Externalities don't exist in anarchic systems, because there is no hierarchical separation between producer and consumer. You can't push off costs to some members of the community when they have equal power to retaliate in kind, and there is no incentive to do so.
Sure they do. I do a thing, it benefits me but causes a problem for my neighbor in the process, I say "oh well fuck him", that's a textbook externality.
> they have equal power to retaliate in kind
A convenient fiction often engaged in by proponents of anarchy. In practice if you compare pairs of people at random you will find almost none that can reasonably be described as equal. Equality is something imposed by the law in an attempt to improve our lives on average.
Anarchy lasts exactly as long as it takes people to start banding together and no longer.
The far left tends to treat humans as essentially good and plastic — corrupted by unjust systems, but redeemable once those systems are dismantled. Remove capitalism, hierarchy, scarcity, and people will naturally cooperate. The far right tends toward a Hobbesian view — humans are greedy and lazy by default. Without the discipline, consequences, and hierarchy, civilization unravels. Hence “if you tax people more they’ll stop working.”
Both are cartoon versions of something real, and both fail in predictable ways.
The more honest picture comes from behavioral economics and evolutionary psychology: humans are neither blank slates nor rational maximizers. We’re a messy bundle of cooperative instincts and tribal ones, capable of extraordinary generosity within in-groups and breathtaking cruelty toward out-groups. Our “goodness” has always been conditional and contextual.
What really undermines the anarchist vision specifically isn’t that people are evil — it’s that they’re biased and self-deceiving in systematic ways.

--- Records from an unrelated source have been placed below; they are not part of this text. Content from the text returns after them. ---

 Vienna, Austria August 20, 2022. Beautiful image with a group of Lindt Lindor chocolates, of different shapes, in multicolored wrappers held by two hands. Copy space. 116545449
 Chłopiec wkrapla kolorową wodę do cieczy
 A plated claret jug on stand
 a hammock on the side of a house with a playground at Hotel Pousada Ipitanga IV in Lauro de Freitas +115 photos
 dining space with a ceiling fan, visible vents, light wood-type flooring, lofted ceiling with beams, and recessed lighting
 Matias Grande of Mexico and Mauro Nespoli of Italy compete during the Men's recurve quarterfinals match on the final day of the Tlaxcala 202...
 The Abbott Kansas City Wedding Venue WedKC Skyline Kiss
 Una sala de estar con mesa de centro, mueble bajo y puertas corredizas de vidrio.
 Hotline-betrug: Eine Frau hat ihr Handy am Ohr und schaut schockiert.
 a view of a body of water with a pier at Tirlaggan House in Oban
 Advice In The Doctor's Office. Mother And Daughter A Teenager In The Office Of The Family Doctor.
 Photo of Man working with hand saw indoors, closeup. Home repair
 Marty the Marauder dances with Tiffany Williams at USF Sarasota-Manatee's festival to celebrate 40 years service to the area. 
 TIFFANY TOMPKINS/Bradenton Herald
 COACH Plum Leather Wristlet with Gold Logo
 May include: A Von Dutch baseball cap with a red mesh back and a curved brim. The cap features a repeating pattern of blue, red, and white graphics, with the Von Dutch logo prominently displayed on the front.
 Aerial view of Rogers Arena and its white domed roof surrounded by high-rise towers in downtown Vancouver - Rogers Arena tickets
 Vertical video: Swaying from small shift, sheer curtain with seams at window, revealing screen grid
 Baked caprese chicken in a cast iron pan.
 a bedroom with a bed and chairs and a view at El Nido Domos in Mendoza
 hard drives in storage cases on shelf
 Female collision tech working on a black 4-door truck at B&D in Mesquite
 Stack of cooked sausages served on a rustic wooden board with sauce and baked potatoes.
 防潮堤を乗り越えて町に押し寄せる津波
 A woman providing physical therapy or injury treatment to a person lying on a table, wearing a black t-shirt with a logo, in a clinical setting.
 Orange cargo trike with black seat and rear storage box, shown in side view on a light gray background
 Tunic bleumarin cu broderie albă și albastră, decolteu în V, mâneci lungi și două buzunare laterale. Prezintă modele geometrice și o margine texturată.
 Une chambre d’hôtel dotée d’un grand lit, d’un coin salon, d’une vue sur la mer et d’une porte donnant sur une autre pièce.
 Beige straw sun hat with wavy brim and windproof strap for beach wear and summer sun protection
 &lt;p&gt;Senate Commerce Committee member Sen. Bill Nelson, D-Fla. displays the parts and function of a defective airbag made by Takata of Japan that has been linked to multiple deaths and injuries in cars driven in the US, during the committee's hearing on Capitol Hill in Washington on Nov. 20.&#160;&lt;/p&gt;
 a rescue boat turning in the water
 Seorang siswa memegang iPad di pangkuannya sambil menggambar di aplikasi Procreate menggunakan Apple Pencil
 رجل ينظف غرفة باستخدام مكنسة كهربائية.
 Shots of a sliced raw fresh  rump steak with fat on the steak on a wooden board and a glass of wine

There’s a well-replicated finding that when you ask members of a team to estimate their individual contribution to a group outcome, the percentages sum to well over 100%. Everyone genuinely believes they pulled more than their weight. This isn’t malice — it’s a predictable artifact of how memory and attention work. We have more access to our own effort than to others’, so we weight it more heavily.
The practical consequence of this is underappreciated: it means that even in a community of genuinely well-meaning people with no bad actors, you’ll still get persistent grievance and conflict, because everyone will sincerely believe they’re being shortchanged. This isn’t a solvable problem with better norms or more transparency — it’s baked into human cognition.
This is what people say when they have no idea what people mean by the POLITICAL system of Anarchism (Libertarian Socialism).
Anarchism, the political system, is not "chaos". That is propaganda that started during the 1930's. If you want to learn about it, real the Anarchist FAQ.
(I have a degrees in American History and Economics if that matters).
Anarchism means "without hierarchy". This how humans organized until the populations of sedentary agricultural communities exploded. I will argue, and keep arguing despite downvotes, that anarchism has the least impedance mismatch with human nature out of every system, because it was the status quo before civilization became the norm.
Externalities don't exist in anarchic systems, because there is no hierarchical separation between producer and consumer. You can't push off costs to some members of the community when they have equal power to retaliate in kind, and there is no incentive to do so.